Cervical Spine injuries.

 

Cervical spine injuries are more common in contact sports than in other sports. The spine is medically divided into three sections. The Cervical spine is at the top of the spine, the thoracic spine is in the middle, and the lumbar is at the bottom. The most common cause of a cervical spine injury is in motor vehicle accidents. Damage to the ligaments and muscles is usually known as whiplash. Fractures and dislocations of the cervical spine can be much more dangerous and can lead to paralysis and in some cases death. As the head suffers impact the neck is compressed and the cervical spine cannot take the resulting pressure. The vertebrae can be pushed out of alignment, as in a dislocation, and they can break or shatter as in the case of a fracture.

 

Fracture dislocations of the cervical spine are one of the most serious of all sporting accidents.
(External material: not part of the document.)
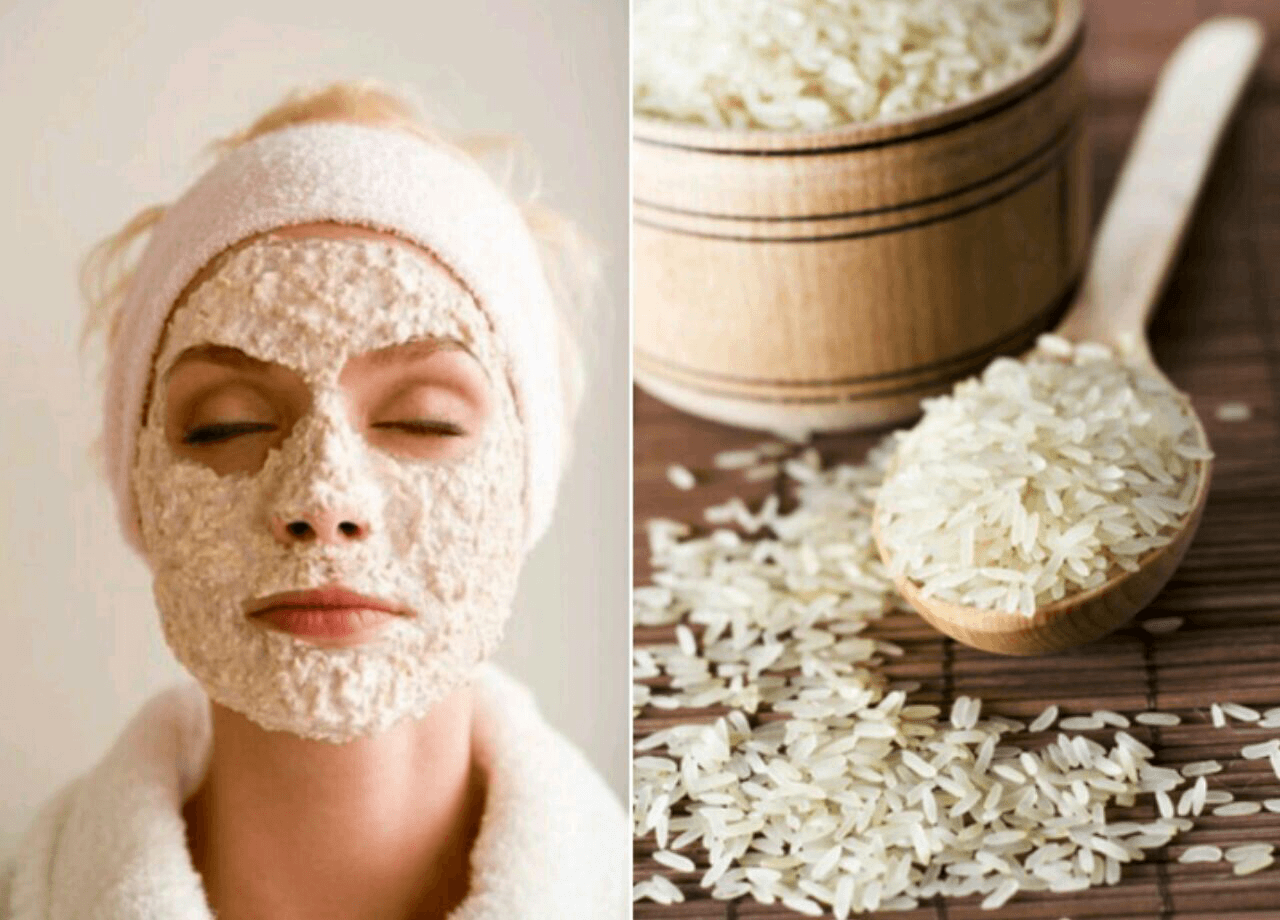 Рисовая маска для лица от морщин в домашних условиях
They always require surgery and the surgery is also full of risk. If the spinal cord suffers trauma it can swell up inside the vertebrae and that can cause paralysis or death by its self. Doctors may remove pieces of the vertebrae in a surgery called a laminectomy. This allows the spinal cord to swell and then in turn for swelling to subside. Recovery times depend on how well the patient heals, but mainly they depend on the severity of the injury and the extent of surgery. If the spinal cord has been damaged, patients may face lengthy physiotherapy. Most victims of cervical spine injuries do not return to contact sports and in many cases they do not return to any sort of physical activity at all. In some cases victims are left permanently paralyzed.